- [Problem to work on] Each line from the start of the data below through the one containing "Martinski House |" must be reproduced exactly.

- [Data to examine]
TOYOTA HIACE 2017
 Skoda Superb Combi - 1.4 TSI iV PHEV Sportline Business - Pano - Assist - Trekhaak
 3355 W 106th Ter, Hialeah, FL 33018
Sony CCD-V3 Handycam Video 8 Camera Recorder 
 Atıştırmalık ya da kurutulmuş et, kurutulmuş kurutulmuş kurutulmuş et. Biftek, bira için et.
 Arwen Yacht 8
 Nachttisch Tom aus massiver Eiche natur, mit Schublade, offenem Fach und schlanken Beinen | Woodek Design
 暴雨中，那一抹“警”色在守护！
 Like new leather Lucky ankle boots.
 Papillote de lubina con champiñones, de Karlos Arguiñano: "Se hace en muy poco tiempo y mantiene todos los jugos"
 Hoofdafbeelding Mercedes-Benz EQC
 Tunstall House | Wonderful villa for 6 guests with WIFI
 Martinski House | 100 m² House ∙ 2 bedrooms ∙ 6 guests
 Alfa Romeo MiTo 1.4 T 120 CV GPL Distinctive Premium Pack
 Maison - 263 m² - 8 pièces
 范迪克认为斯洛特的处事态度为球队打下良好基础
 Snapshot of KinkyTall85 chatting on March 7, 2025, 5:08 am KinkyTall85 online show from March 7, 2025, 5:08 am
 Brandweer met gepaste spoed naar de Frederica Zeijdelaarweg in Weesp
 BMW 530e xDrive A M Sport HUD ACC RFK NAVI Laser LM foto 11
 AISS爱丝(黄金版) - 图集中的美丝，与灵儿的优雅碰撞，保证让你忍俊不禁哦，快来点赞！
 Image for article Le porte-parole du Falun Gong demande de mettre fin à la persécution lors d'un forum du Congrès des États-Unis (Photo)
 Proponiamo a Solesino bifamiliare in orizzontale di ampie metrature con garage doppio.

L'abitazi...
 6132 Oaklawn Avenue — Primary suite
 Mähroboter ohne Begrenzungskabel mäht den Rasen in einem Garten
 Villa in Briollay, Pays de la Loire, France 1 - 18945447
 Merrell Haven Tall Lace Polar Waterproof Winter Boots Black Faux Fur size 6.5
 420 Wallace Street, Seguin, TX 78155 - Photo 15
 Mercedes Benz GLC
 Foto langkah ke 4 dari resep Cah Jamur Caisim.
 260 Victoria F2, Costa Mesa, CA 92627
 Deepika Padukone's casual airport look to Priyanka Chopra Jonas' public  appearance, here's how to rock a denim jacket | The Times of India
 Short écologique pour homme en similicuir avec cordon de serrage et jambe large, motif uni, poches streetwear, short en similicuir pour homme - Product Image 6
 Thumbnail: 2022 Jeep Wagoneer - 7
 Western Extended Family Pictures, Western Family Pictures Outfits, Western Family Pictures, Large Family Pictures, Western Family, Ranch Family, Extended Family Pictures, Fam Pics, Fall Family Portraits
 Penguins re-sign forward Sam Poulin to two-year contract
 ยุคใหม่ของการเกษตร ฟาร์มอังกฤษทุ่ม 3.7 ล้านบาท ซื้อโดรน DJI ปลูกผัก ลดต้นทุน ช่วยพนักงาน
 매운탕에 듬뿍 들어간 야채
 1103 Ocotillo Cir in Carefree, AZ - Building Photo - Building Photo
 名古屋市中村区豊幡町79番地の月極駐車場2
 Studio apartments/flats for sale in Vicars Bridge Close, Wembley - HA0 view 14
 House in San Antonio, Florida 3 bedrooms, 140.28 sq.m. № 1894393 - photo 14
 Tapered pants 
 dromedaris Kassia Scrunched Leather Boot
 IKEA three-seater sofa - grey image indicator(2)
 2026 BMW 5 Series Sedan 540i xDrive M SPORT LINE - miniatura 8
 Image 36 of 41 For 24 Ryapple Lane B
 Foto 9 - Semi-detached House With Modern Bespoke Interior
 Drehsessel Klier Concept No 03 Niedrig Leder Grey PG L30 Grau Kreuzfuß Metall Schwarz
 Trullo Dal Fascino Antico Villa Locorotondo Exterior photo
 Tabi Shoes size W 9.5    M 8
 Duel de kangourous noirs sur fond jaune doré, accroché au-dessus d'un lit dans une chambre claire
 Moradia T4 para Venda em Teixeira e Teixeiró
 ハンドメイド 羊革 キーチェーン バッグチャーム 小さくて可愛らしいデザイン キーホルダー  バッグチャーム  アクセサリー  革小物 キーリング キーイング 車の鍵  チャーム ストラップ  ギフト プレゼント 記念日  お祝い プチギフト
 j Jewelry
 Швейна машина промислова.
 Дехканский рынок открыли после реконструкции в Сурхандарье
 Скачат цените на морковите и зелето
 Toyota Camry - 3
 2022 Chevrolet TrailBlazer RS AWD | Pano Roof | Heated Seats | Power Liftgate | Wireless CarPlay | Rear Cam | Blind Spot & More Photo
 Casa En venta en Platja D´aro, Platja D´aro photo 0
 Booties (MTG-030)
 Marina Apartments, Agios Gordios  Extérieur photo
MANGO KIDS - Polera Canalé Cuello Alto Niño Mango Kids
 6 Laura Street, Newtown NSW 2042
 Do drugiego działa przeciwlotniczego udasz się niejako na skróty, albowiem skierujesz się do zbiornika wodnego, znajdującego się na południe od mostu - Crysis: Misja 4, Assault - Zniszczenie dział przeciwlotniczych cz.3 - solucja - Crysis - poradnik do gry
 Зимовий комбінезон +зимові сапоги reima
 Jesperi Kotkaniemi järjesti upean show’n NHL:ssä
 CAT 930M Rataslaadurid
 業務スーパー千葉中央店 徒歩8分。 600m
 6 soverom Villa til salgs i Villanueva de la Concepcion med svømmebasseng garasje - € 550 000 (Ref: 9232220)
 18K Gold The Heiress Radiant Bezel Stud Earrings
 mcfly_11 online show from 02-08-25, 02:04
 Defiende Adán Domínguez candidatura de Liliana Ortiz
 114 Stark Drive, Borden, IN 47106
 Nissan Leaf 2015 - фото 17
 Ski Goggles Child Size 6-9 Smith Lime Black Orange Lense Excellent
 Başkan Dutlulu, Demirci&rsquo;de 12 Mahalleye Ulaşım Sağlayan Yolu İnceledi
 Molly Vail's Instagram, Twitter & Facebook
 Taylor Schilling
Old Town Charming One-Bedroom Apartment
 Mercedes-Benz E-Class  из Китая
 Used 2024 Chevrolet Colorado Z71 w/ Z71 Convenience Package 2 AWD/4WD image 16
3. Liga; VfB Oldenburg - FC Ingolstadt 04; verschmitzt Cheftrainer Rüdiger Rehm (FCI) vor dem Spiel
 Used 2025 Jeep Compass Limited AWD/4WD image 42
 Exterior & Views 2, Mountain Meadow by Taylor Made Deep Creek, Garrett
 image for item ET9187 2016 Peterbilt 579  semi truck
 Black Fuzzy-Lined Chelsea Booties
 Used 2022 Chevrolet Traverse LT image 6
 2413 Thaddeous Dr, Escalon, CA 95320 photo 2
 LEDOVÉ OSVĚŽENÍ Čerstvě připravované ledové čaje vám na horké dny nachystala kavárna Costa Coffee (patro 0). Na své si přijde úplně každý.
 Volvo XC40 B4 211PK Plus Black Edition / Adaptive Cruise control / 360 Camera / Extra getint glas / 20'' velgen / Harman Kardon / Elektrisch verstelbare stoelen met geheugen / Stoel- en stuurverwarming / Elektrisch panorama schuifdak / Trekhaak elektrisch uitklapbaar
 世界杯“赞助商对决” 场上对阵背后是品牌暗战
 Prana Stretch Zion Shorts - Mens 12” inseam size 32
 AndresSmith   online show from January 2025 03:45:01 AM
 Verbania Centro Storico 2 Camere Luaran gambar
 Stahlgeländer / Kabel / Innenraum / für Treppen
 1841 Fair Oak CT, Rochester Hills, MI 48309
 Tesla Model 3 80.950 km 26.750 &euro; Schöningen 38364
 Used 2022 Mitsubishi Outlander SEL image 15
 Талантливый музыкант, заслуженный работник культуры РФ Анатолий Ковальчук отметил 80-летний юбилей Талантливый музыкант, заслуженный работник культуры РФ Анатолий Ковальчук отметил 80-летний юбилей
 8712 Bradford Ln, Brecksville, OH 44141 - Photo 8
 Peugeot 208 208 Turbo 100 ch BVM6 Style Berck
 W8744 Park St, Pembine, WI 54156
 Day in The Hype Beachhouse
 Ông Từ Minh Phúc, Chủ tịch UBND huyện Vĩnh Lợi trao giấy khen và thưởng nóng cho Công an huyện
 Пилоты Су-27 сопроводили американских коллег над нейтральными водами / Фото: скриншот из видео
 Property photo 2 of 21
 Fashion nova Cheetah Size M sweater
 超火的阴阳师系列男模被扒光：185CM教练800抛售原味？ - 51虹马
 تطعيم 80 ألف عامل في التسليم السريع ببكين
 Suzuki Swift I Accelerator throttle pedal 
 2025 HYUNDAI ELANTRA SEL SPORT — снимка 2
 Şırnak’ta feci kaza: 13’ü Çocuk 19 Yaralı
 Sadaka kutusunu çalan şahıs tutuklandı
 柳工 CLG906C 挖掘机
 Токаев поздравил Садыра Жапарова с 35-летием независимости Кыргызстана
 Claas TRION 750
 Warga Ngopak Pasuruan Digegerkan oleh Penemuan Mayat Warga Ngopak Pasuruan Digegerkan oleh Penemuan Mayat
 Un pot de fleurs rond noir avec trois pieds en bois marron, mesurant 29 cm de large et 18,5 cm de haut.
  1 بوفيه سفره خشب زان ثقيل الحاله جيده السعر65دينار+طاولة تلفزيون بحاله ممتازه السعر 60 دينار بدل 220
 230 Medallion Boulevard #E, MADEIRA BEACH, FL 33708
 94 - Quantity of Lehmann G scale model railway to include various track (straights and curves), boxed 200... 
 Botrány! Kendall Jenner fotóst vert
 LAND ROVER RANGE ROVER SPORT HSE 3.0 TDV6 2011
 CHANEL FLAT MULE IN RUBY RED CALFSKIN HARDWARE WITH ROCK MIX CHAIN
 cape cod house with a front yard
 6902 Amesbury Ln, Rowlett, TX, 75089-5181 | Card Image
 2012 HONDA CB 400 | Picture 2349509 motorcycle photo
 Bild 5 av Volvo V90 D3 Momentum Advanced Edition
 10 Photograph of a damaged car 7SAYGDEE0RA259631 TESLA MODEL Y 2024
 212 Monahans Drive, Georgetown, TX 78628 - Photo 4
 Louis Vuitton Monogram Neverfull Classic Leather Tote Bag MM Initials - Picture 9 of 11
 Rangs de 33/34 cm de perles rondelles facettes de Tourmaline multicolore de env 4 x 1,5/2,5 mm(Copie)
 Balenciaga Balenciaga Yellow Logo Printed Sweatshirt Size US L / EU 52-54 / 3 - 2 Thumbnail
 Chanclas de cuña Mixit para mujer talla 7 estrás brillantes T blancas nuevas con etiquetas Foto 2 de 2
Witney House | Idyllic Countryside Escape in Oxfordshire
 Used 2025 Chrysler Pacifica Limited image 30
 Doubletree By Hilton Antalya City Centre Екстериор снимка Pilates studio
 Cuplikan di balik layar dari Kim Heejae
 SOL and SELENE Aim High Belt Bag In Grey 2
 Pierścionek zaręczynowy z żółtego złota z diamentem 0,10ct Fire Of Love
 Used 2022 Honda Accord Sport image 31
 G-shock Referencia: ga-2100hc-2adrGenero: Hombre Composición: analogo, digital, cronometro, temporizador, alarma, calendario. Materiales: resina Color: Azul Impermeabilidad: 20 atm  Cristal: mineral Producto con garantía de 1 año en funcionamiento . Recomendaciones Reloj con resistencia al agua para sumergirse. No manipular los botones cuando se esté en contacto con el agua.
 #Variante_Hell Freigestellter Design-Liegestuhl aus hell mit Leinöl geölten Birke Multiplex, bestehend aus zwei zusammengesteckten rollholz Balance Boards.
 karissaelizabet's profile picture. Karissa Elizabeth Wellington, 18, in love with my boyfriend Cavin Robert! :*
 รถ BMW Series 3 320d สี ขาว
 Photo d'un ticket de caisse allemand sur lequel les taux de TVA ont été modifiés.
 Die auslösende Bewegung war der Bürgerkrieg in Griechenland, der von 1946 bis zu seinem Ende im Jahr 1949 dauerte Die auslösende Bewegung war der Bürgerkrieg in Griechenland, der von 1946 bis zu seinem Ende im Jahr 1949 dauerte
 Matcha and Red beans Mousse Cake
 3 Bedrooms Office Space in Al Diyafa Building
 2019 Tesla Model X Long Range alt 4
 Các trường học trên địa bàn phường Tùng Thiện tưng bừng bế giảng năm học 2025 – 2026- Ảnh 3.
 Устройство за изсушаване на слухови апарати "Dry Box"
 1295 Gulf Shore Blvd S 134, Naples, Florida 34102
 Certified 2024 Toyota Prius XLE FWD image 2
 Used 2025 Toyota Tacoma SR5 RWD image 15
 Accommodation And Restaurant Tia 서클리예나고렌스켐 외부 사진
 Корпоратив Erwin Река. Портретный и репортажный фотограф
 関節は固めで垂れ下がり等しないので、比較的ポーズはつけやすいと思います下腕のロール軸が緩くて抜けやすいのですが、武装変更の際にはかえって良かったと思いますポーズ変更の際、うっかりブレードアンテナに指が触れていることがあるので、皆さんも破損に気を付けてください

- [Written answer]
TOYOTA HIACE 2017
 Skoda Superb Combi - 1.4 TSI iV PHEV Sportline Business - Pano - Assist - Trekhaak
 3355 W 106th Ter, Hialeah, FL 33018
Sony CCD-V3 Handycam Video 8 Camera Recorder 
 Atıştırmalık ya da kurutulmuş et, kurutulmuş kurutulmuş kurutulmuş et. Biftek, bira için et.
 Arwen Yacht 8
 Nachttisch Tom aus massiver Eiche natur, mit Schublade, offenem Fach und schlanken Beinen | Woodek Design
 暴雨中，那一抹“警”色在守护！
 Like new leather Lucky ankle boots.
 Papillote de lubina con champiñones, de Karlos Arguiñano: "Se hace en muy poco tiempo y mantiene todos los jugos"
 Hoofdafbeelding Mercedes-Benz EQC
 Tunstall House | Wonderful villa for 6 guests with WIFI
 Martinski House | 100 m² House ∙ 2 bedrooms ∙ 6 guests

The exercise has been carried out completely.